Home > Hate Story(9)

Hate Story(9)
Author: Nicole Williams

That was the result of reading a damn bible of all things, Max.

At the end of our “meeting” last night, he’d left me with a folder the size of my old high school calculus book. Inside were pages of questions and answers—basically a biography—of the first twenty-nine years of Max’s life. It went over everything.

Everything.

I’d never known such intimate details about another person. Not even my grandma, the person I’d been closest to in my whole life.

I understood the point of it, but it still felt like some giant invasion of privacy. Like I was sitting behind a one-way mirror and observing someone else’s life.

I now knew what country he was from originally—Germany—what he did for a living—he was a day trader . . . whatever that was—and just about everything else. He’d grown up in Bavaria with his parents, Hans and Anya Sturm, and had one younger brother. He went to private school, was top of his class, and was captain of both the hockey and swimming team (which no doubt had exacerbated his arrogance, if not being the root of it), studied business on a student visa at not one, not two, but three Ivy League schools here in the States, before graduating with his doctorate at the age of twenty-four. So the arrogant a-hole was an overachiever too.

Awesome. Just fucking awesome.

Page after page it went on, until I flipped to the last section . . . which made me promptly slam the folder closed. There was such a thing as TMI, and he’d crossed it when listing his first sexual encounter as being with his former nanny at the ripe old age of fifteen. I couldn’t decide it I was more grossed out or appalled by that factoid.

I’d stayed up most of last night thumbing through the Encyclopedia Maximilian—save for that final part I’d sectioned off with imaginary red tape—so I didn’t know why I’d brought it into work with me tonight. I told myself it was so I could memorize as much of this stuff as I could. When we had to sit before the review board before he was issued his green card, our stories needed to be as watertight as a frog’s butt. That wasn’t really it though.

It had more to do with how fascinating I found his life. How astounding I found it that he wasn’t thirty and had lived as full a life as he had. How he’d already visited all seven continents, shaken hands with three Nobel Peace Prize winners, published a book on commodity trading, and attended Shakespeare in the Park every summer since he’d come to the States.
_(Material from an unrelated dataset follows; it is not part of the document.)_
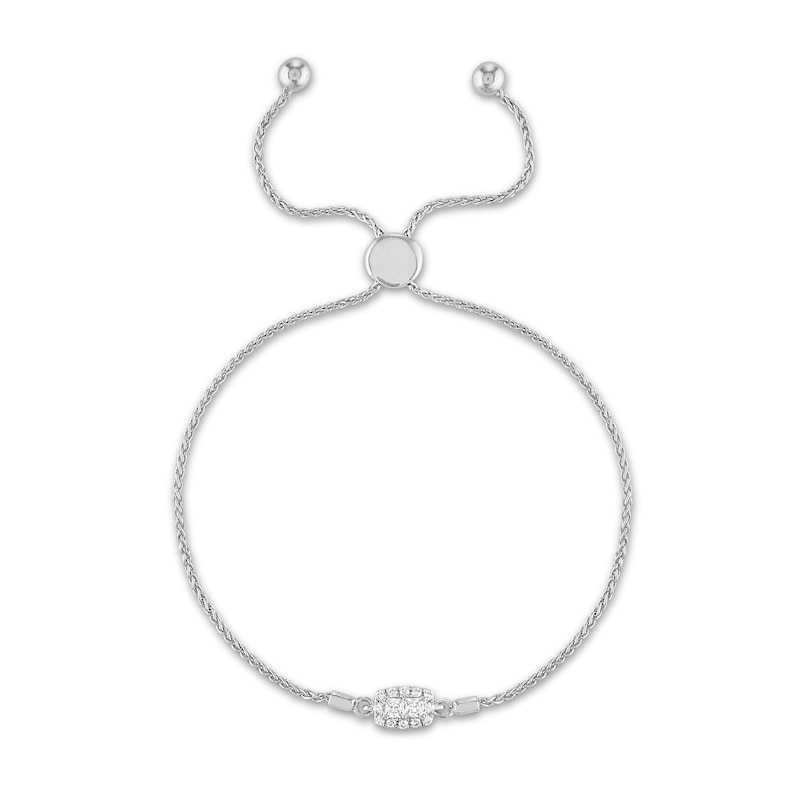 Ever Blossom Bracelet, White Gold & Diamonds - Categories Q05617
Sure, I was six years younger, but even if I turned on the turbo boosters and had an endless stream of money at my disposal, I’d be lucky to accomplish a tenth of what he had by his age.

Reading about his life—his accomplishments—made my life seem small and insignificant. I wasn’t ashamed of my life or anything, just kind of depressed that it amounted to so little after working so hard. Realizing how people could exert the same amount of effort and commitment and come out with two totally different results was sobering.
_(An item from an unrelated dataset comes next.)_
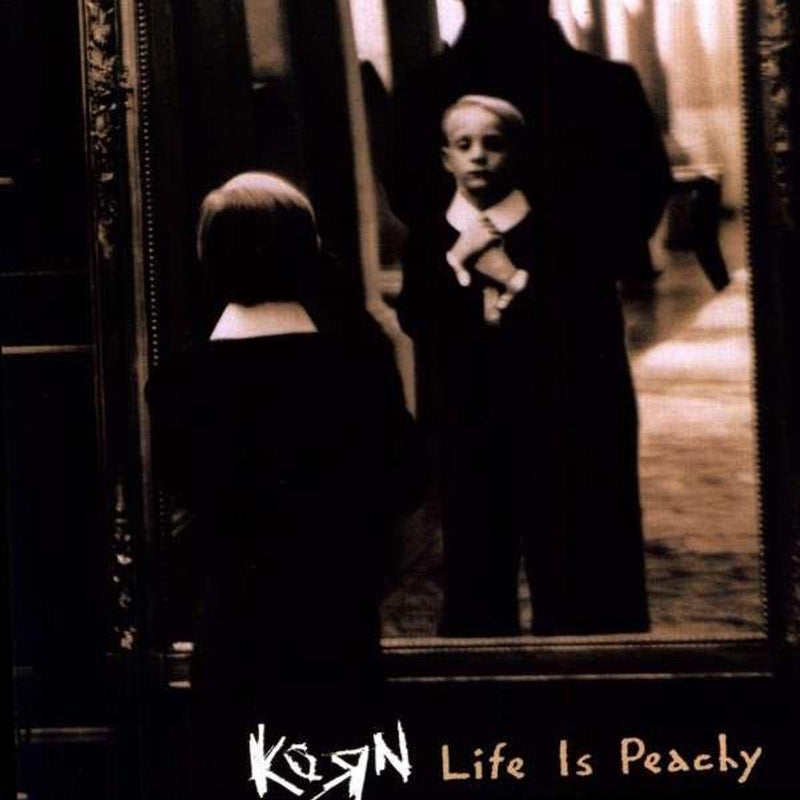 Korn — Life Is Peachy — обложка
A pounding on the door of The Busy Bean made me jump so badly, I spilled the cup of coffee I’d been sipping while pouring over Max the Great’s life story.

I automatically reached for the bat the owner kept propped in the corner for these kinds of situations, also known as some bum, meth head, or thug looking to score a quick and easy hundred bucks from the till. This part of Portland wasn’t known for its low crime rates. That and the stand’s twenty-four-hour-a-day schedule equated to a higher than average robbery rate.

“Hey, fräulein. Open up the damn door already,” a familiar voice shouted with another pound.

I left the bat where it was and swallowed my heart back into my chest. I’d been working the night shift a few months ago when some kid in an ancient Oldsmobile rolled up to the window and demanded all of the money in the till. He said he had a gun, but I never saw it. He probably didn’t, but I wasn’t going to call his bluff over forty-one dollars.

“You know, second to cancer, heart disease is the leading cause of death in women,” I said after unlocking the cheap door and opening it. “Thank you for ensuring I’ll wind up in that statistic one day.”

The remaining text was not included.